Roger Federer - Slice Backhand Analysis

Without question Roger Federer has been, and still is, a breath of fresh air in the modern game. Although regarded by his peers, even in the formative years, to possess the ability to produce amazing speed of racquet head, Roger has brought an artistry to the game reminiscent of some of the legends of bygone days. We are indeed privileged to witness a game that places great emphasis, not solely on power, but equally on more subtle competitive aspects of the game.

A great tactical thinker, Roger displays perhaps a more extensive range of skills than anyone that has played the game. In an era when the ball is being hit heavier than ever before, Roger has almost single handedly been responsible for the re-emergence of some of the “touch and feel” areas of the game.

Maybe the most obvious example of this shift from uncompromising power is Roger’s slice backhand, used primarily as an offensive option, frequently challenging opponents with a “different look”, a shot with endless variety of flight path, spin and bounce pattern.

Let’s have a closer look at just one of Roger’s variations – a shot that sets up as a regulation slice only to transform into a heavy side spinning backhand, fading and breaking away down the line.

PIC 1 Roger has obviously made an early decision to set up for what appears at this stage to be a regulation backhand slice.
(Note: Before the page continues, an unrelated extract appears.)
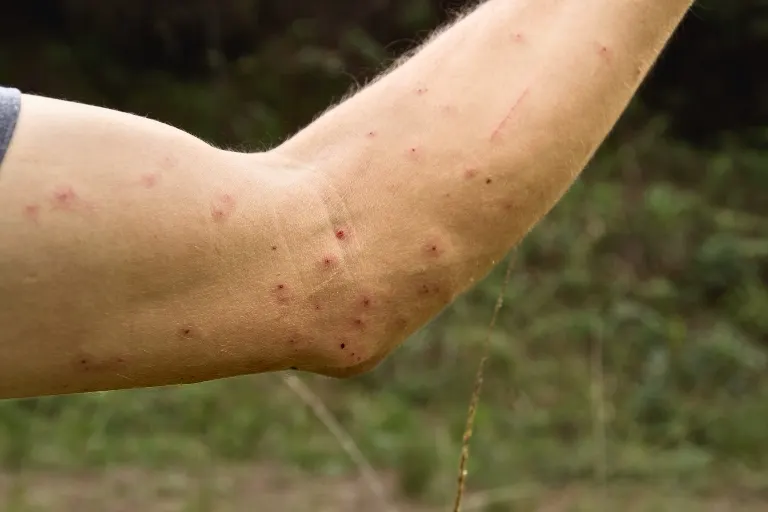how many mosquito bites will kill you
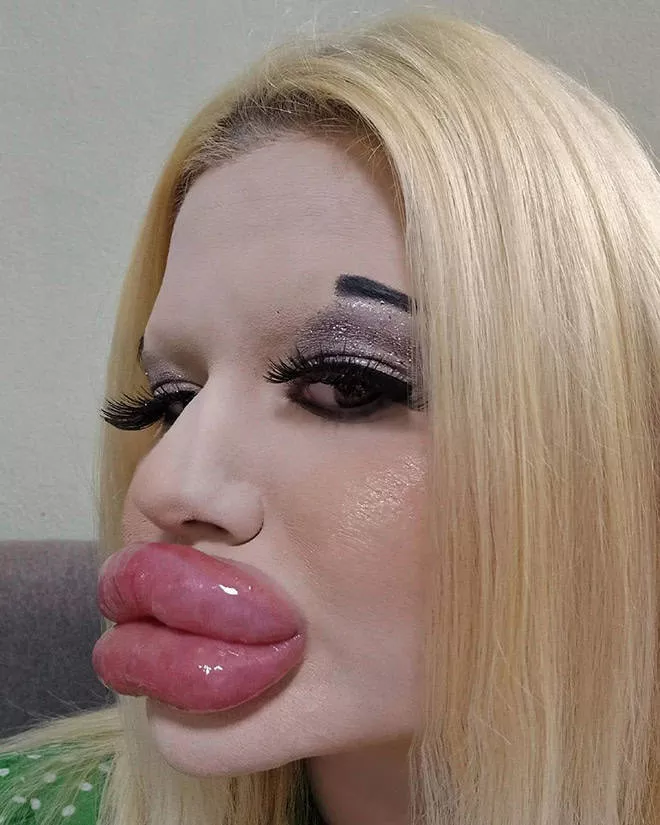 Lip filler queen andrea ivanova - #8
There is no evidence of being in a position of disadvantage as the oncoming ball is routine. Roger’s movement pattern is very positive, both laterally and into the court. It is worth noting the wonderfully early backswing preparation as he loads up on the left foot.

PIC 2 Roger’s classic shoulder rotation continues, the racquet arm has been “opened” creating a correspondingly open racquet face with the racquet head above the left shoulder. The right elbow bend established in the ready position has been maintained and the left hand supports the racquet at the throat. Weight transfer into the shot has commenced.

PIC 3 Shoulder rotation continues as the right foot now makes contact with the court and begins to slide forwards (claycourt).

PIC 4 The classic preparation is complete - the hitting shoulder is lined up with the “down-the-line net post”. The right foot slide has almost finished creating excellent weight transference as the ball approaches the hitting zone. Balance is perfect with the head directly facing the ball, maximising eye contact.

PIC 5 Forward and downward swing commences with a slight uncoiling of the shoulders, the left hand releases the racquet throat, the hitting arm begins to straighten – note the slightly unusual position of the left foot which has splayed marginally backwards effectively acting as a brake. At this stage the preparation could still be for a regulation slice.

PIC 6 Captures the moment immediately after contact - perfect balance and head position are maintained. The key factor here is that, with a rapid straightening of the right elbow, the swing pattern has continued downwards and significantly left to right, effectively imparting massive side spin on the ball which has already begun to fade fractionally to the left.

Note: If the stroke had continued as “regulation slice”, the swing pattern would have been significantly more horizontal with the follow -through finishing with the racquet directed down the court. Rather than the racquet face contacting the back of the ball left to right, contact would have been under the ball imparting standard underspin.
PIC 7 Racquet position now is a clear indication of the severe left to right action. The vertical straightening of the arm and wrist, along with the slight leaning back from the ball, suggest drop shot or extreme short corner fade. Considering Roger’s closeness to the sideline, the fade in the air will need to be minimal.

PIC 8 The swing pattern is complete, body weight continues to withdraw, perfect head position – continues to face the ball. A successful outcome to this shot will result in the ball barely clearing the net, landing very short just inside the line, breaking sharply left away from the court. At best, a winning drop shot, at worst the opponent will be drawn forwards and out of court.
Just another example of the Federer artistry and tactical genius – not satisfied with using the slice backhand as a variation, he has gone to another level by developing a string of variations to the variation.